Nonparametric Kernel Clustering with Bandit Feedback

Clustering with bandit feedback refers to the problem of partitioning a set of items, where the clustering algorithm can sequentially query the items to receive noisy observations. The problem is formally posed as the task of partitioning the arms of an N-armed stochastic bandit according to their underlying distributions, grouping two arms together if and only if they share the same distribution, using samples collected sequentially and adaptively. This setting has gained attention in recent years due to its applicability in recommendation systems and crowdsourcing. Existing works on clustering with bandit feedback rely on a strong assumption that the underlying distributions are sub-Gaussian. As a consequence, the existing methods mainly cover settings with linearly-separable clusters, which has little practical relevance. We introduce a framework of ``nonparametric clustering with bandit feedback'', where the underlying arm distributions are not constrained to any parametric, and hence, it is applicable for active clustering of real-world datasets. We adopt a kernel-based approach, which allows us to reformulate the nonparametric problem as the task of clustering the arms according to their kernel mean embeddings in a reproducing kernel Hilbert space (RKHS). Building on this formulation, we introduce the KABC algorithm with theoretical correctness guarantees and analyze its sampling budget. We introduce a notion of signal-to-noise ratio for this problem that depends on the maximum mean discrepancy (MMD) between the arm distributions and on their variance in the RKHS. Our algorithm is adaptive to this unknown quantity: it does not require it as an input yet achieves instance-dependent guarantees.

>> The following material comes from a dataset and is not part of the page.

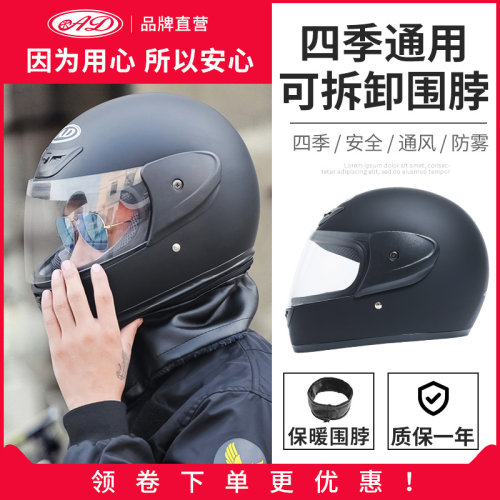 3C认证电动机车安全帽男女u士防雾全盔秋冬季防寒保暖电动车安全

翻译：基于老虎机反馈的聚类问题旨在对一组项目进行划分，其中聚类算法可以顺序查询项目以获取带噪声的观测结果。该问题形式化地表述为：根据N臂随机老虎机各臂的底层分布对其进行划分，当且仅当两个臂具有相同分布时将其归为一组，且采样过程需依序自适应地进行。近年来，由于在推荐系统和众包任务中的适用性，该设定受到广泛关注。现有关于老虎机反馈聚类的研究均依赖于底层分布服从亚高斯性的强假设，导致现有方法主要适用于线性可分簇的场景，而这类场景在实际应用中相关性较弱。本文提出“基于老虎机反馈的非参数聚类”框架，其中底层臂分布不受任何参数模型约束，因而适用于现实世界数据集的主动聚类。我们采用基于核函数的方法，将非参数问题转化为在再生核希尔伯特空间（RKHS）中根据核均值嵌入对臂进行聚类的任务。基于此形式化表述，我们提出具有理论正确性保证的KABC算法，并分析其采样预算。针对该问题，我们提出了一种信噪比概念，其取决于臂分布间的最大均值差异（MMD）及其在RKHS中的方差。我们的算法能自适应于该未知量：无需将其作为输入即可实现实例相关的性能保证。